Why Those Inflation Numbers Look Bogus

Gas prices have skyrocketed. You're paying more at the grocery store. So why is it that every month when the government releases the latest inflation figures, the numbers never look high enough?

The long-standing debate about the Consumer Price Index (CPI) has come to the forefront in recent months. Although extremely steep jumps in the prices of many household necessities have increased the inflation rate, many still find that the number fails to give an accurate reflection of the price increases they're seeing in their own expenses.

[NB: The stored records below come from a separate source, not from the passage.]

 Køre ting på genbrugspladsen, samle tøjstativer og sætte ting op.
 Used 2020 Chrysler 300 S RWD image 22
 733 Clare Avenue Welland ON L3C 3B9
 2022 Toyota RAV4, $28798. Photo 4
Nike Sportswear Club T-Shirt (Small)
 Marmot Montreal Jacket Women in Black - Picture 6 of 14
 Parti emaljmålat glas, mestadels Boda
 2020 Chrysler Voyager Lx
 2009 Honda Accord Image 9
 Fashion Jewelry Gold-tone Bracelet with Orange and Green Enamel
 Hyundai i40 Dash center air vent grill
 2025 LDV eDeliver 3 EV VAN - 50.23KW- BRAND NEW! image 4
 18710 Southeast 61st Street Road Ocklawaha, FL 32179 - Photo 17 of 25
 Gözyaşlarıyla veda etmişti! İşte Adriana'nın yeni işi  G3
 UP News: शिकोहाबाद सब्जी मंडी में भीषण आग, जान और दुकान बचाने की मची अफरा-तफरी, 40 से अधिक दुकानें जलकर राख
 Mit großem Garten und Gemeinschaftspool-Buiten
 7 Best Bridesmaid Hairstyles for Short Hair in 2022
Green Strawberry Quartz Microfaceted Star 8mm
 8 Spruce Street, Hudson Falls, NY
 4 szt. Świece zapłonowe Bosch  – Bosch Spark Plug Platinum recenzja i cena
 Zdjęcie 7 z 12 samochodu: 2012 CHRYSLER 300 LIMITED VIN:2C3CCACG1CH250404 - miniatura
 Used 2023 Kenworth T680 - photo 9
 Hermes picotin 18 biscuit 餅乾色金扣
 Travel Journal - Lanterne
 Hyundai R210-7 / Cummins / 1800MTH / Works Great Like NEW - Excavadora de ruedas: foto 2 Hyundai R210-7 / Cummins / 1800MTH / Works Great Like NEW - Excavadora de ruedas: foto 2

Gross weighs in on the Consumer Price Index
Yesterday, bond expert Bill Gross added his voice to those claiming that the CPI understates actual inflation. While his analysis refers to factors like hedonic adjustments, equivalent rental rates, and substitution effects -- the same jargon that the Bureau of Labor Statistics (BLS) uses in producing its data -- his points boil down to this: The U.S. makes adjustments to its CPI that many other countries don't, and those adjustments don't reflect reality.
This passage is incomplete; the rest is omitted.